New routes for hydrogen storage

Hydrogen is the primary candidate to take on the long-term role of energy storage in a system that relies heavily on non-programmable renewable sources such as solar and wind. But even though hydrogen is environmentally friendly, produces no emissions and has a high energy density compared to other fuels, it is more challenging to store. Unless, of course, it turns to dust.

While production remains a priority, safe and successful storage options are critical to meet demand and deliver fuel efficiently.

Storing hydrogen has proven to be a challenge. Conversion to liquid is the most used because it allows storing larger quantities in smaller spaces. Still, it requires extremely high pressures and usually low temperatures. For this reason, research has developed new methods to make it easier to manage and transport this clean fuel.

Some researchers at the University of Turin (Italy) focus on this issue. They are working on solutions for using solid-state hydrogen as an energy source. Their report, “Solid-State Hydrogen Storage Systems and the Relevance of a Gender Perspective,” provides an overview of the available vectors for solid-state hydrogen storage. The report highlights the challenges they face to become critical technologies for the energy transition, improving energy storage efficiency and smart grids.

According to the study, hydrogen storage by physisorption in metal-organic frameworks (MOFs), nanotubes, and graphene is possible. However, it has yet to be tested in larger prototypes. A more rising method is to use pure metals or inorganic compounds to form metal and complex hydrides. As the case may be, certain pure elements and intermetallic compounds form a hydride phase once the hydrogen has been absorbed. Conversely, hydrogen can be absorbed and released in solid solutions without changing the crystalline structure of the compound but only by increasing the lattice parameters.

Metal hydrides, in particular, can store large amounts of hydrogen, which can be easily removed at low pressure and near ambient temperature. Magnesium, for example, forms MgH2, a material with a high hydrogen storage capacity (volumetric density of H2 of about 130 kg H2·m-3 and gravimetric density of H2 of about 7.6 wt%).

Trapped hydrogen can be quickly released by adding as much heat as is generated during absorption or by changing the pressure. The most used metals are titanium, iron, manganese, nickel and magnesium. Adding small percentages of rare earths improves the conditions for formation and decomposition. It reduces the temperature or rate at which hydrogen is fixed and released. These compounds have been extensively researched in recent years.
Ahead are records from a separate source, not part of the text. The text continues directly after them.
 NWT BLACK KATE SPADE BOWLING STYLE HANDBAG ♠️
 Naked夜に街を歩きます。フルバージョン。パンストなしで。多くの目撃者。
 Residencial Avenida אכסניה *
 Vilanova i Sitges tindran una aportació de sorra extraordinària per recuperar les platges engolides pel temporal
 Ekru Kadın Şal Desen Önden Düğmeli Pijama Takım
They are the subject of experimental studies such as the European HyCare project. The project envisages the storage of about 50 kg of hydrogen on a solid carrier using metal hydride. The storage tank will be part of a renewable energy plant using H2 as an energy carrier for stationary energy storage. The recovered heat is used to desorb the hydrogen from the metal hydride. Finally, the released H2 powers a fuel cell that generates electricity.
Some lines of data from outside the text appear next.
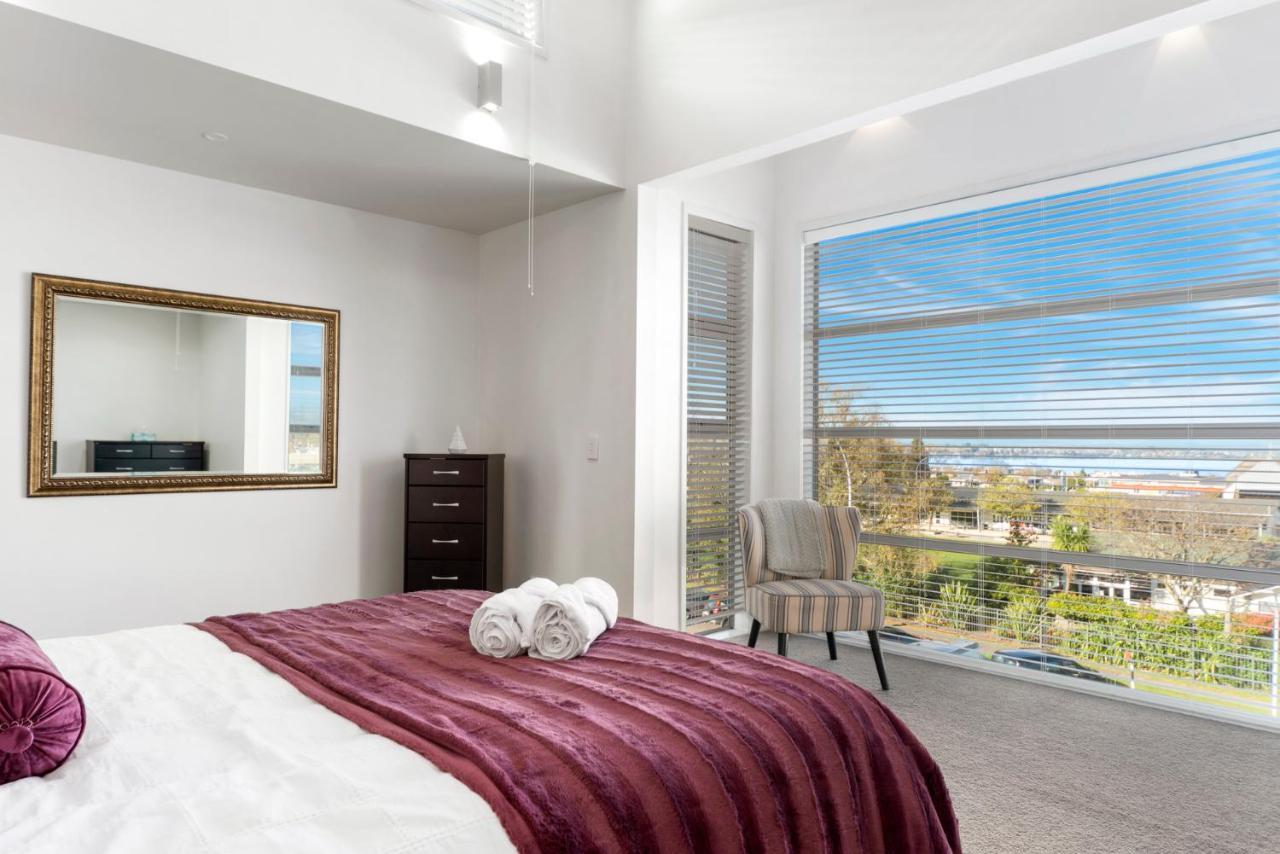 Lakeview Luxury - Taupo Holiday Apartment Extérieur photo
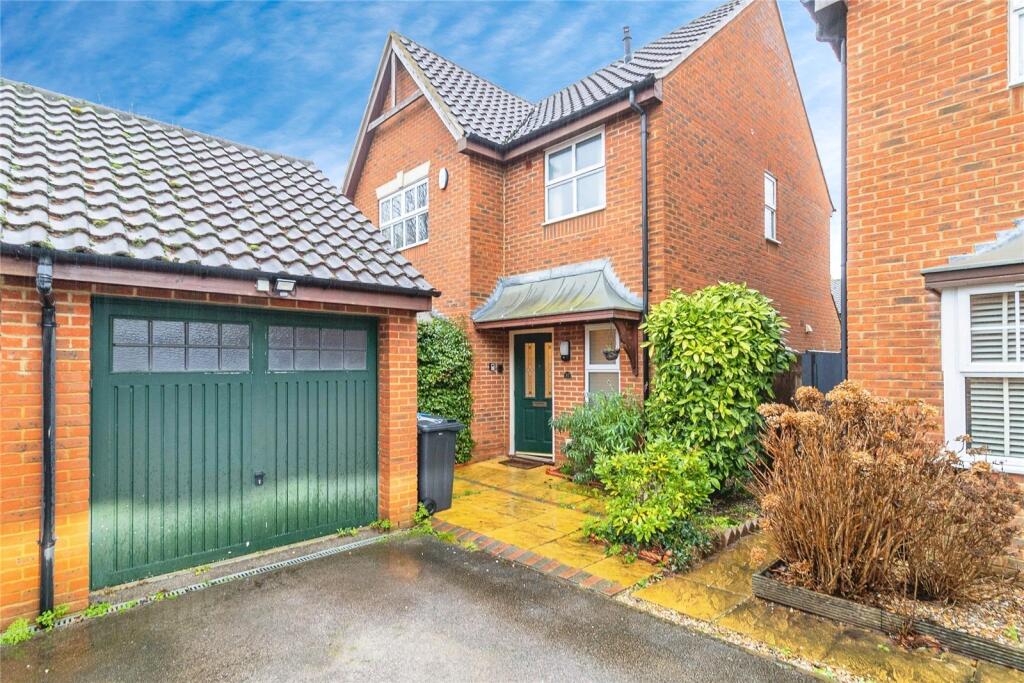 Main image of property: Welbeck Close, Monkston, Milton Keynes, Buckinghamshire, MK10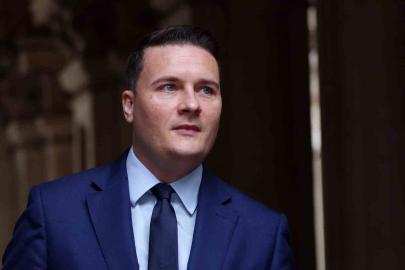 İngiltere’de istifa eden eski bakandan Başbakan Starmer ile rekabet çağrısı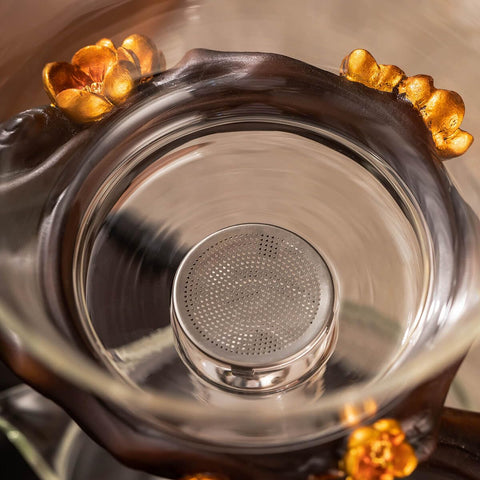 Zurucily Kungfu Glass Tea Set tea bowl highlights color and tea clarity during steeping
There are only a few commercial applications. GKN Hydrogen has developed a hydrogen storage system based on an intermetallic alloy. GKN is launching small, medium and large hydrogen storage systems based on this technology. One example is the Arieshof of San Lorenzo in the Pusteria Valley (Italy), where GKN has implemented the solution for a self-sustaining organic farm.
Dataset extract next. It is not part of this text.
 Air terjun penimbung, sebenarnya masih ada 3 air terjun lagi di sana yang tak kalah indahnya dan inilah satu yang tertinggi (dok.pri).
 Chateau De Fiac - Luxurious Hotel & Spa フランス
Another possible way to store hydrogen is from Deakin University in Australia. Their scientists have developed a safe, environmentally friendly and energy-efficient method of storing gas. The study, published in the scientific journal Materials Today, describes the process used to preserve the gas in solid form. The particular component of the process is boron nitride powder, which is mixed with gases in a ball mill, a grinder with stainless steel balls inside. As the mill rotates, the collision between the steel balls and the boron nitride powder triggers a mechanochemical reaction that allows the powder to absorb the gas. The gas absorbed before is separated from the others by removing the dust from the mill. The process continues with the remaining gases.

There is no waste. The process requires no harsh chemicals, and it generates no byproducts. Boron nitride itself is a non-hazardous chemical compound. It means you can store gases anywhere and use them as needed. The powder can be transported easily and safely. To recover the gas, heat the boron nitride powder in a vacuum, which can then be reused up to fifty times.

The Australian team’s report claims that this method has a very high gas storage capacity because the milling process does not break down the gas molecules. The energy consumed to store and separate 1000 litres of gas is 76.8 KJ/s, almost 90% less than the energy consumed by the current separation process.

This discovery addresses the critical challenge of hydrogen storage by allowing large quantities of green hydrogen to be stored and safely transported in a solid state at a fraction of the energy cost.

So far, Deakin’s team has only been able to test their process on a small scale, separating about two to three litres of material. They hope to get industry support to scale up the discovery to a whole pilot plant. Moving from the lab to a larger industrial scale is the next challenge for a method of gas separation and storage faster than the traditional ones. A provisional patent application for their process has already been filed.